Building a GraphRAG Agent From The Ground Up

As I’ve been diving more and more into Claude Code and AI the more I realize how much I have to learn around the systems and infrastructure that power them.

One piece of infrastructure that has always piqued my interest are graph databases and using them for RAG applications (AKA GraphRAG). Reason being is that not only do they allow for more advanced querying but, as an SEO, it’s a concept that has had quite the buzz since 2012 thanks to Google.

Claude Code Graph (CCGraph)

So what did I build?

Well, it all started thanks to a conversation with Noah Learner on discovering new and useful Claude Code repos. Something that can be both overwhelming (thanks to the +5,000 repos on GitHub that use the topic Claude Code) and is highly personalized based on your workflow.

After staring helplessly into the void for about 5 minutes on how to do this, I started poking around GitHub’s public API for repos with Claude Code as the topic and realized this was the perfect pet project to learn to build an agentic GraphRAG app end to end.

And 6 days of intermittent work later Claude Code Graph (CCGraph) was born!

The Journey

Now that we know what, let’s talk about how.

Prior to this my only experience working with Claude Code were 2 tiny test projects (a personal finance landing page quiz and a proof of concept transcription pipeline). Thankfully because of those two projects I already had a bit of a feel for how to approach development and previously created v1.0 of Claude Code Starter which I used as the starting point for CCGraph.

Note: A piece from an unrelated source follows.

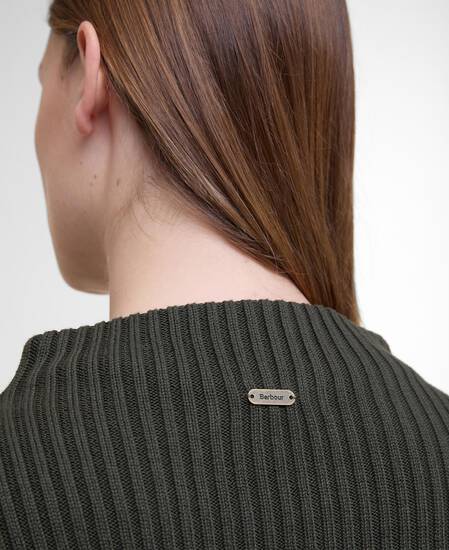 Stitch Guernsey Cape Olive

Milestone 0: Understanding Graph Databases and GraphRAG

Before even starting development I did a deep dive into really understanding what graph databases and GraphRAG is and how they work.

This consisted of having long in-depth multi-day conversations with both Gemini and Claude, watching countless YouTube videos, and going through articles and documentation.

Why do this rather than jumping in blindly?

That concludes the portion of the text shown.